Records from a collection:
###
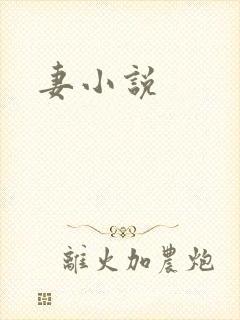 妻小说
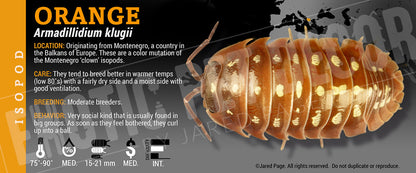 Armadillidium klugii 'Montenegro Clown' isopod label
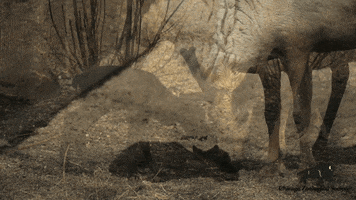 Baby Standing GIF by Brookfield Zoo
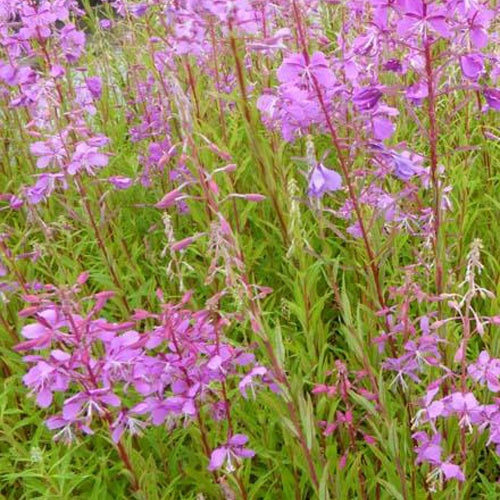 Basterdwederik Saint-Antoine - Epilobium angustifolium - Tuinplanten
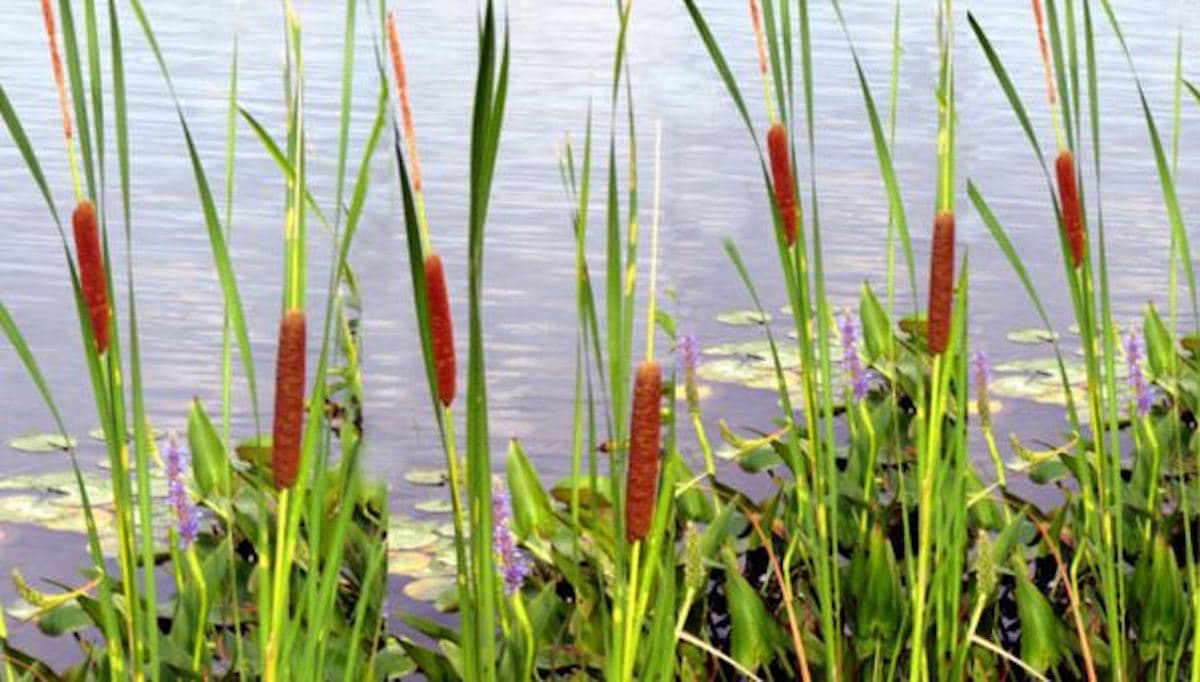 Emergent Aquatic Plants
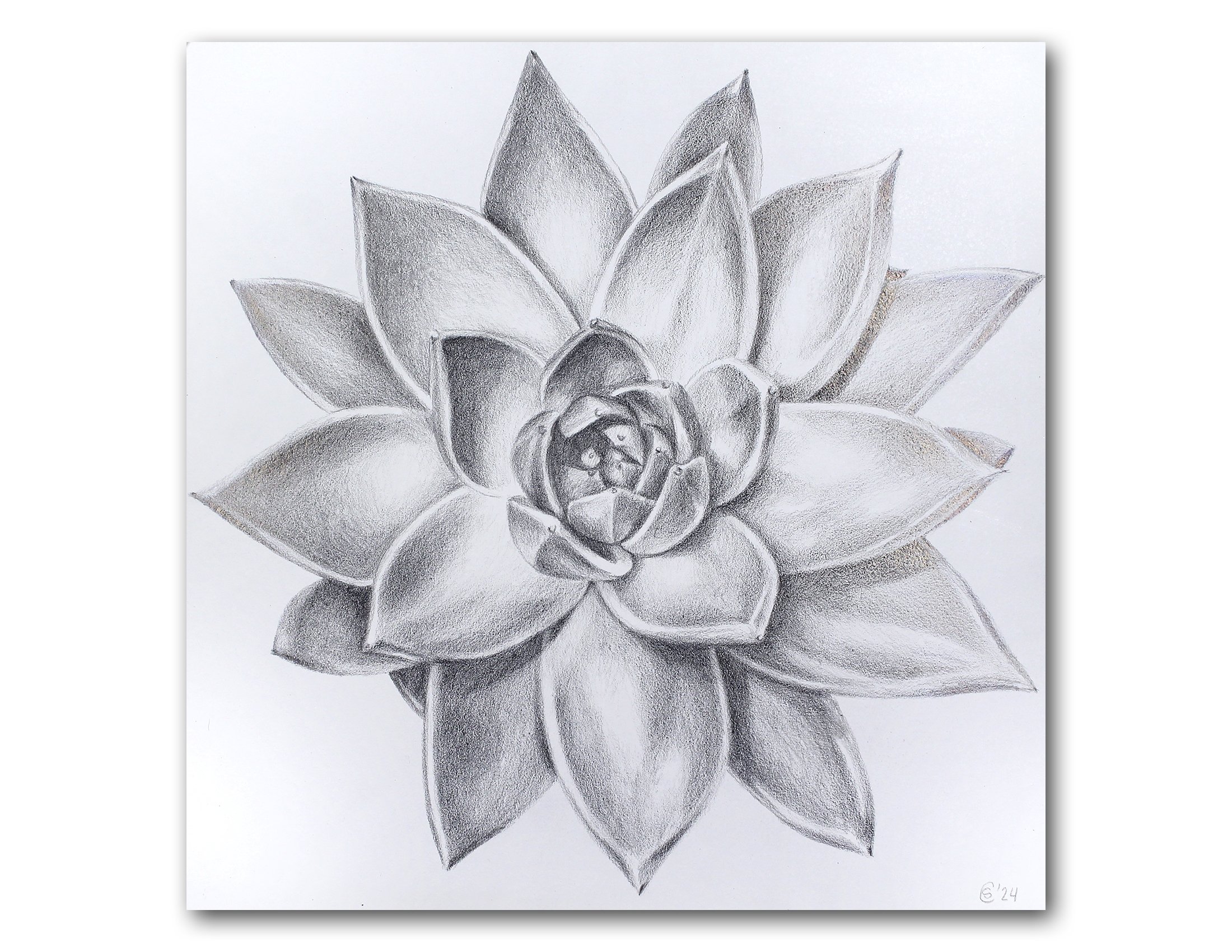 Succulent3.jpg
###
Problem: Reproduce the lines from the line with "Armadillidium klugii 'Montenegro" through the last line of the entries exactly, including both ends and excluding pictures.

Your solution:
 Armadillidium klugii 'Montenegro Clown' isopod label
 Baby Standing GIF by Brookfield Zoo
 Basterdwederik Saint-Antoine - Epilobium angustifolium - Tuinplanten
 Emergent Aquatic Plants
 Succulent3.jpg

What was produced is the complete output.